In the event the industry would eliminate the FMMO system, Bozic says Edge has the only fully developed proposal to address a “world like that”.
“Presently, anytime a processor depools, those federal orders do not exist for the farmer that is depooled. There is nothing at that point in time anymore that would ensure fair treatment of the producer, and sometimes there isn’t even a written contract between a producer and processor that would govern those situations,” he said. “So, depooling is an example of federal orders going away before our very eyes, bit by bit, month by month.”
He said Edge’s proposal will address situations where a processor is depooled or when federal orders “just go away”.
While the plan represents building blocks for a new structure, both Bozic and Davis says there is much to be discussed among many stakeholders including national groups representing processors, cooperatives and producers.
“We will need to have a national dialogue, and that the ideal of consensus is a noble one.
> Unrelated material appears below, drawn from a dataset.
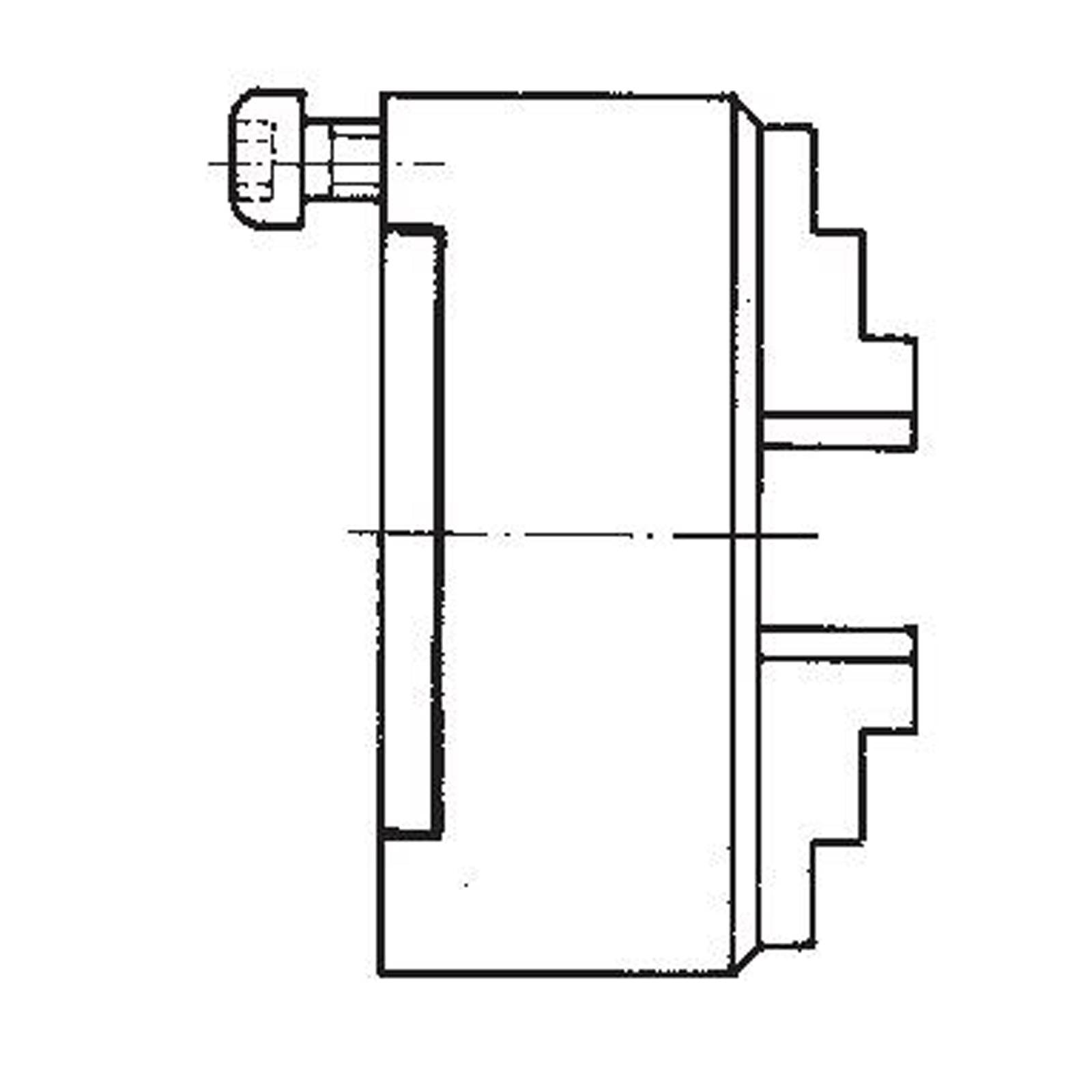 Technisches Diagramm eines Maschinenteils mit zylindrischem Körper, seitlichen Vorsprüngen und einer Schraube oben, möglicherweise für eine Maschinenkomponente.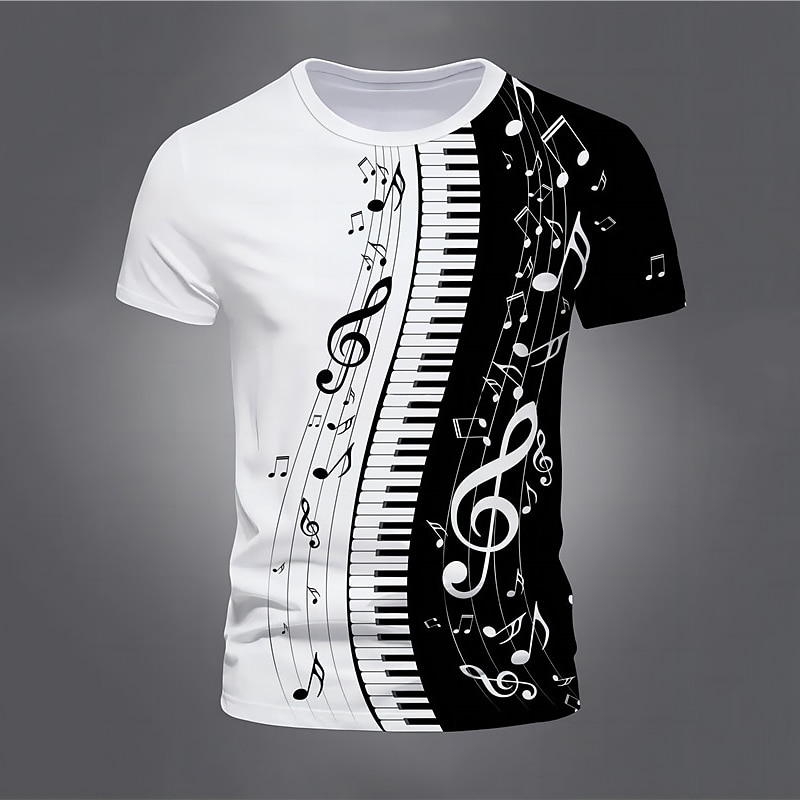 Music Festival Men's Graphic Music T Shirt Short Sleeve T shirt 3D Print Crew Neck Shirt Vintage Fashion Designer Outdoor Daily Sports 1 Black White+Black Spring & Summer Clothing Apparel S M L XL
And I hope it can be reached,” Bozic said.
Before any proposal can be implemented, Davis says there are some legislative hurdles to clear.
“The ‘Fairness in Contracting’ would need to become federal legislations, either in the Farm Bill or some other form,” he said. “The ‘Flexibility of Orders’ is really just a sentence or two that can be added to the enabling statute that underpins federal orders. And then all the nitty-gritty details can be figured out later at a hearing. But without that language in the federal statutes, our hands are tied. Even if USDA wanted to implement everything that Edge has proposed, they just don’t have the authority under the current federal statute.”
While Davis has been on both sides of the processor/producer coin, he understands that in order to make progress it will take stakeholders on both sides of the transaction to listen and learn from one another and understand the potential challenges they face.